NASA Super Guppy Delivers Cryogenic Fuel Tank for Testing on Redstone Arsenal

REDSTONE ARSENAL, Ala. (WHNT) – Employees at NASA’s Marshall Space Flight Center are getting ready to welcome equipment critical to the future of deep space exploration.

NASA’s Super Guppy, quite the sight itself, delivered the tank on Thursday morning.

The technology is going to be tested right here in the Tennessee valley on Redstone Arsenal.

The 18-foot-diameter cryotank will be installed at Marshall Space Flight Center’s test facility.

The cyrotank will undergo a series of tests at extreme pressures and temperatures similar to those experienced during spaceflight.

Metal tanks have carried fuel to launch rockets and propelled them into space for more than 50 years.

NASA says the cryogenic fuel tanks could provide significant cost and weight reductions on future launch vehicles.

4 comments

  • Jim

    “Metal tanks have carried fuel to launch rockets and propelled them into space for more than 50 years.
    NASA says the cryogenic fuel tanks could provide significant cost and weight reductions on future launch vehicles.”
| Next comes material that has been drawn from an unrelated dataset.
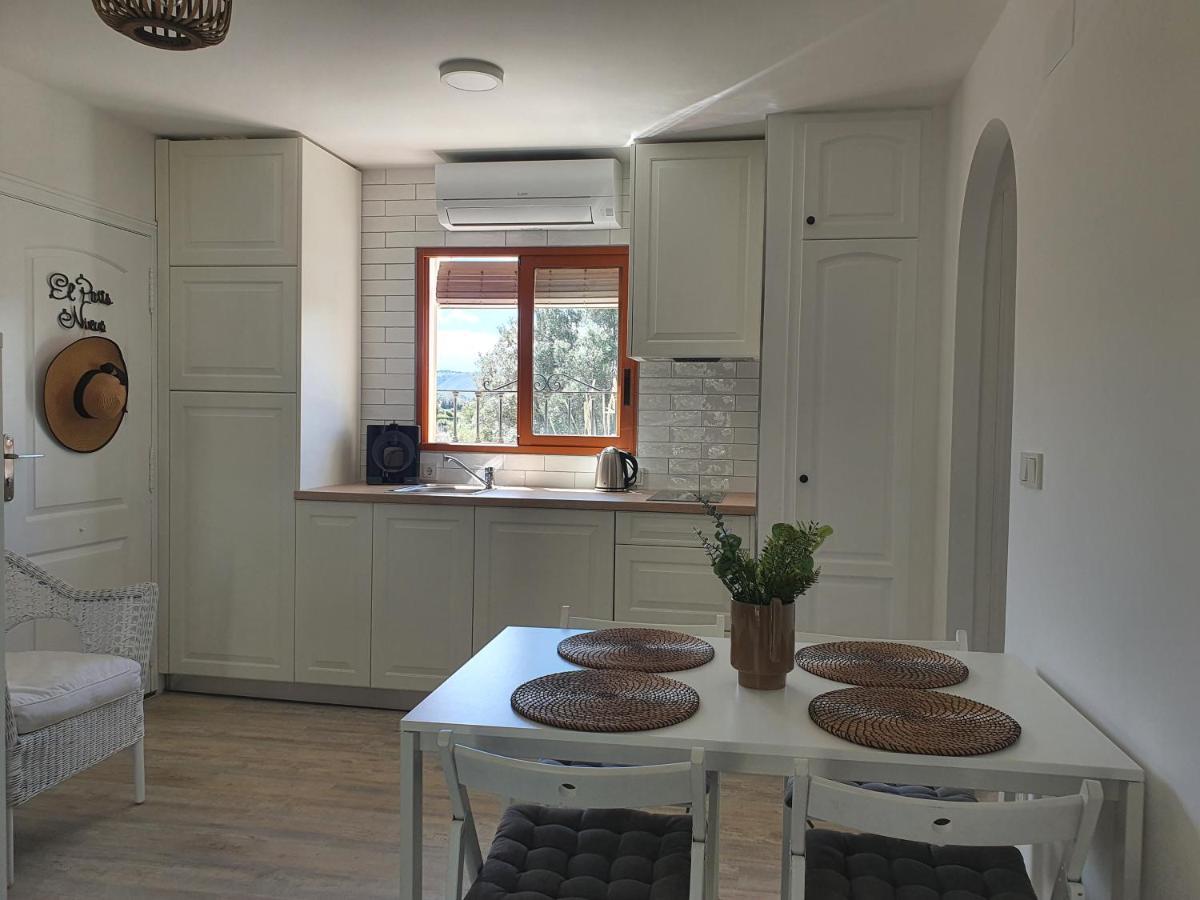 Lovely Apartment In Denia; El Patio Exterior foto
    Ok, they are testing new tanks, but the article didnt address if the new tank was made of metal or some different material for weight savings. IE is it a lighter metal or a plastic or a composite etc. So what material is the tank made of?

    • Greg Taylor

      My family happened to be visiting the facility (the public part) that day and were told by a staff member that the new tank is made of a “composite material” that is not metal but is supposedly as strong and durable as metal while being significantly lighter. At least that’s what their tests are supposed to determine. By the way, we saw the Super Guppy come in for a landing and it was not “morning” as the article states, but about 5:45 in the afternoon. Only disappointing thing was that NASA on-site management had requested the plane to do a flyover so that visitors could more easily see it, but since it was delayed from 4:00 – 4:30 until 5:45 (museum closes at 5:00) the Super Guppy went straight in for a landing, no flyover. Too bad–but still very cool.